Naomi Osaka loves New York. She moved to the city from Japan when she was three years old before eventually relocating to Florida. She feeds off of the energy of the place, takes long walks around Manhattan on her days off and has been eating salmon bagels for breakfast every morning.
On Saturday, she served her opponent, Aliaksandra Sasnovich, a double-bagel, cold, to reach the fourth round of the US Open for the first time. She next takes on in-form 20-year-old Aryna Sabalenka, who eased past Petra Kvitova 7-5, 6-1 to reach the last-16 on her maiden main draw appearance in New York.
She is the first Japanese woman to reach the last-16 at the US Open since 2004 when Ai Sugiyama and Shinobu Asagoe both advanced to the second week.
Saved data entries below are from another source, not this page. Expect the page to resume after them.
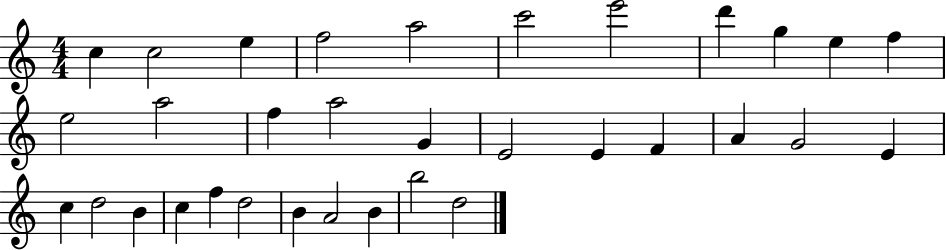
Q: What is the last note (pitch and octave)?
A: D5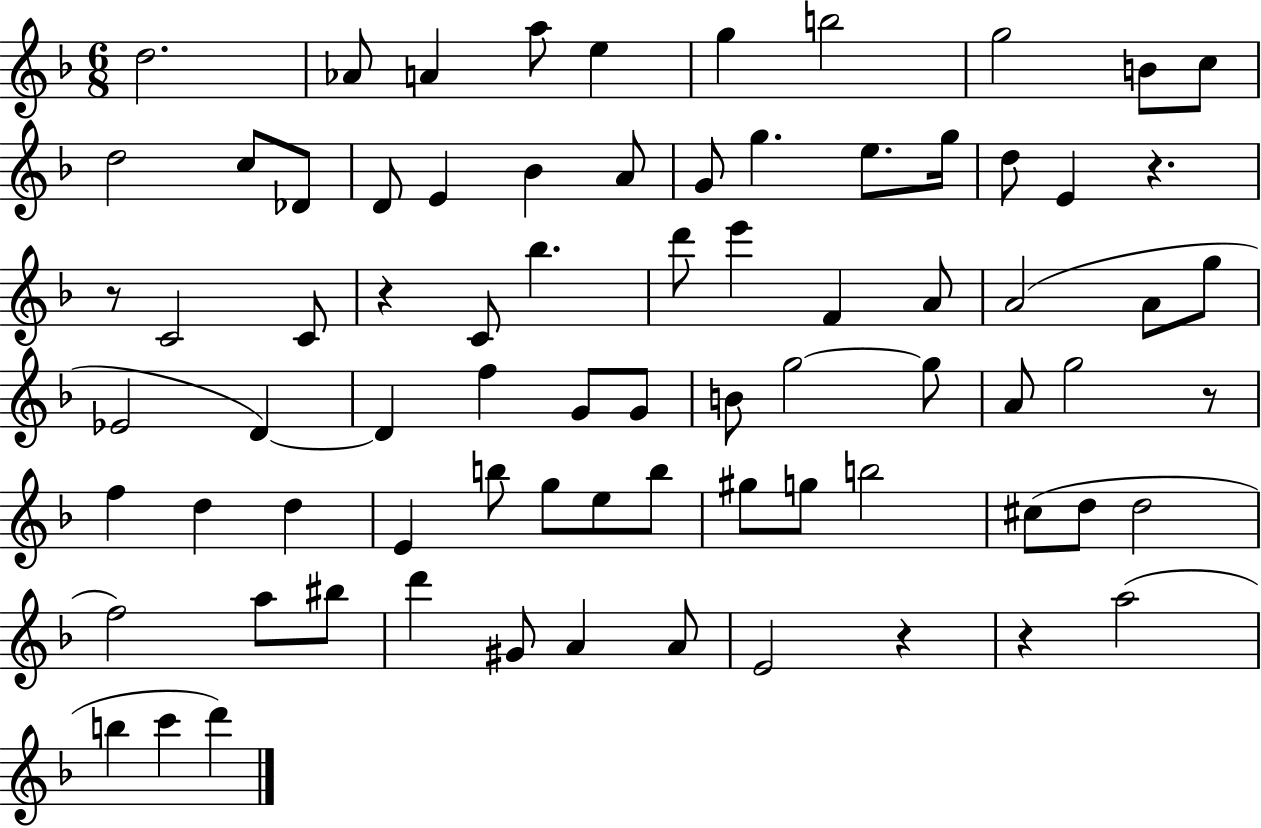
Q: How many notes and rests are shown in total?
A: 77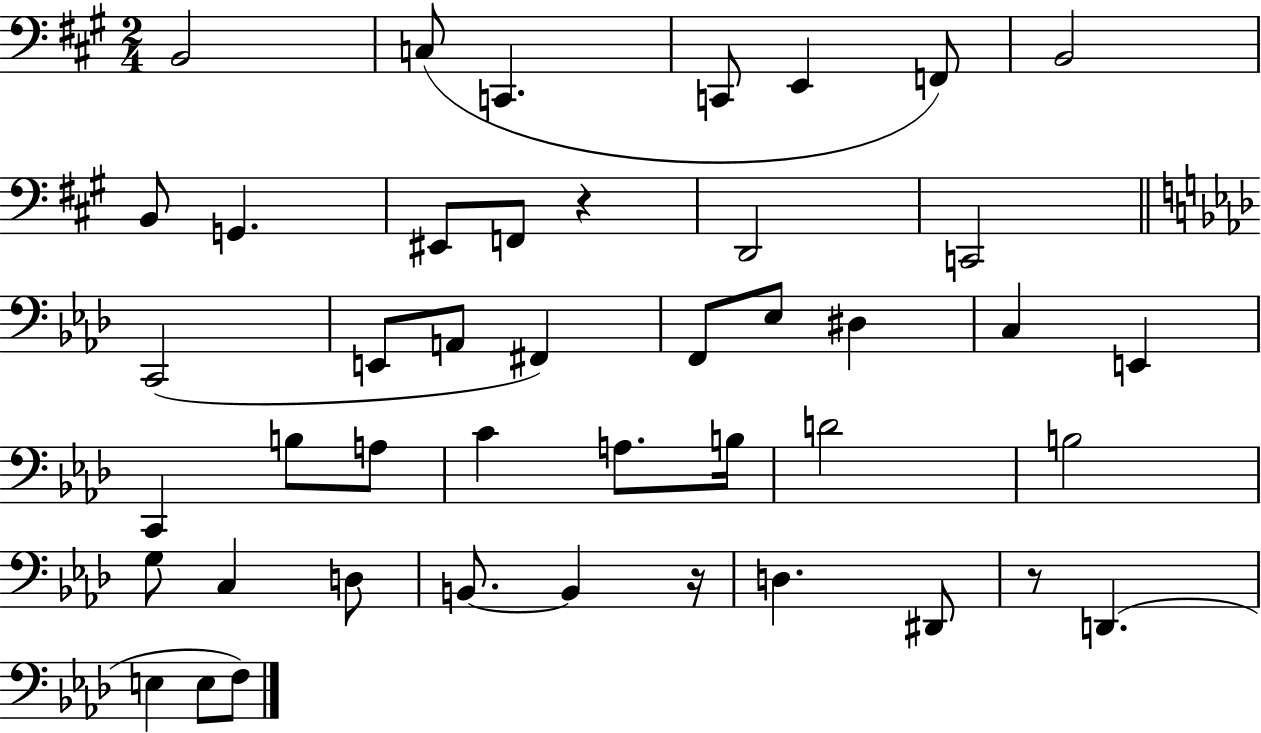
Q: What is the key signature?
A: A major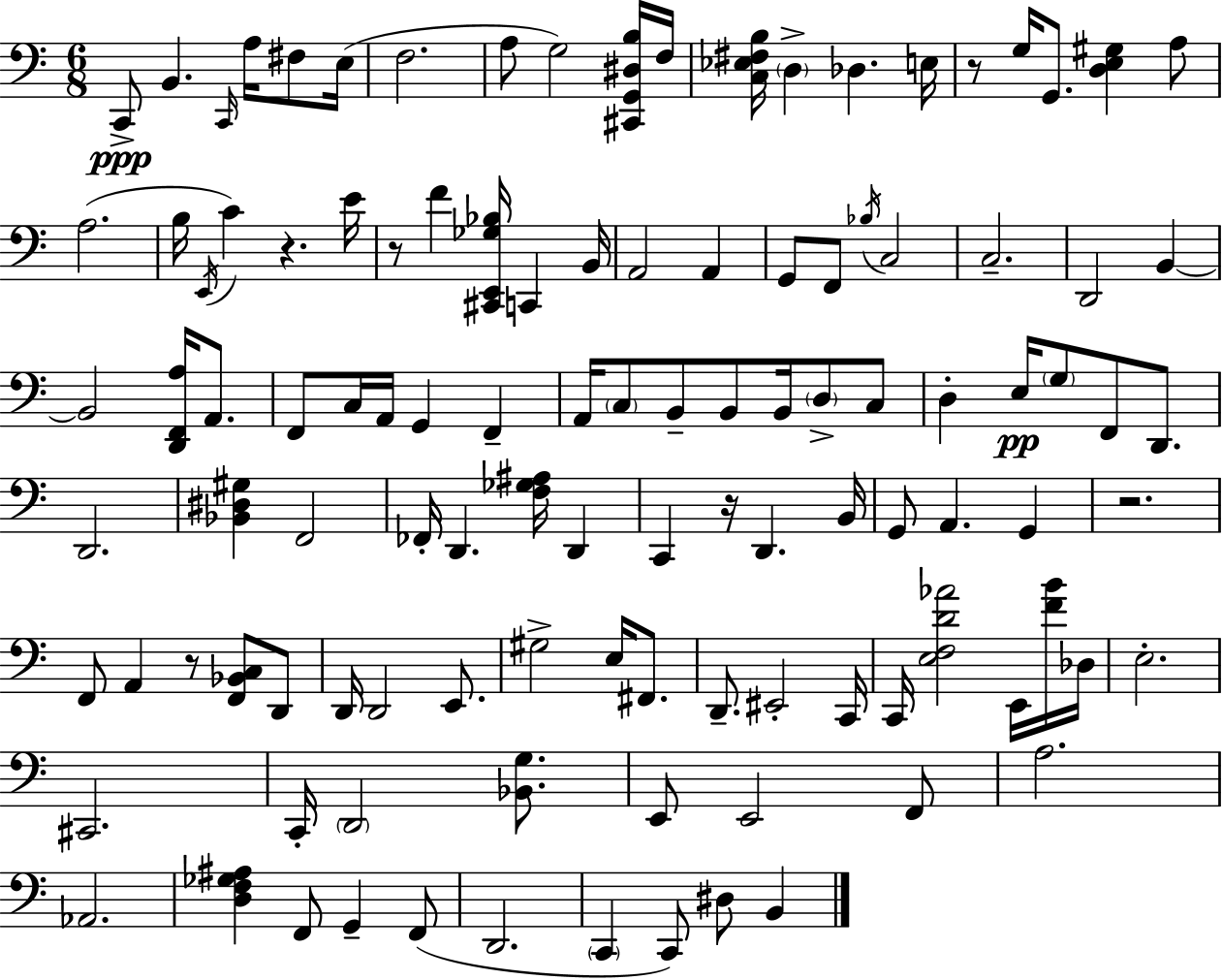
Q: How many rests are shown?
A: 6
Osaka has played three matches so far this fortnight, dropping a total of seven games.
Her 6-0, 6-0 triumph against Sasnovich saw her hit just three unforced errors.
The 20-year-old, who made a stunning run to the title at Indian Wells last March, spoke recently about struggling to adapt to the heightened expectations that followed her success in the California desert. It seems said struggles are well behind her.
“I just remember she hit three really good shots, I think, in the first game to get up 40-0 on my serve. And then from that moment, I was just thinking that I’m going to try to make as many shots as possible. I ended up winning that game,” Osaka said of her third round victory over Sasnovich.
“For some reason, my momentum kept going. But other than that, I didn’t really have, like, a particular mindset or anything.”
Osaka never took her foot off the gas pedal throughout the match, which is something she is particularly proud of.
“I used to have a little bit of — like if I would go up 3-0, then I would create this drama where I relax a lot, and then I let the person come back into the match,” admits the 20th-seeded Osaka.
“So I think, for me, now that I’m able to beat people at easier scores like this, I think I have improved a lot. I wasn’t necessarily thinking of the score when I was playing today. I was just thinking, like, the stuff that I had to do to keep winning.”
Her coach, Sascha Bajin, whom she hired end of last year, was at a loss for words when asked what he was most pleased with from Osaka’s third round whitewash.
“There were so many good things I don’t even know what to say,” Bajin told Sport360.
“She served well, her attitude was good, that she maintained it – I think what I’m mostly proud of is that she maintained the same intensity throughout the match. And even though Sasnovich had game point late in the match, she didn’t just go for too much but still tried to win that game as well and win every point, no matter what the score was and just kept competing. So that’s something I’m really proud of.”
Osaka seems quiet and reserved, but unlike someone like Simona Halep, who said the hustle and bustle of New York City makes for quite the draining experience at the US Open, Osaka thrives on the atmosphere here.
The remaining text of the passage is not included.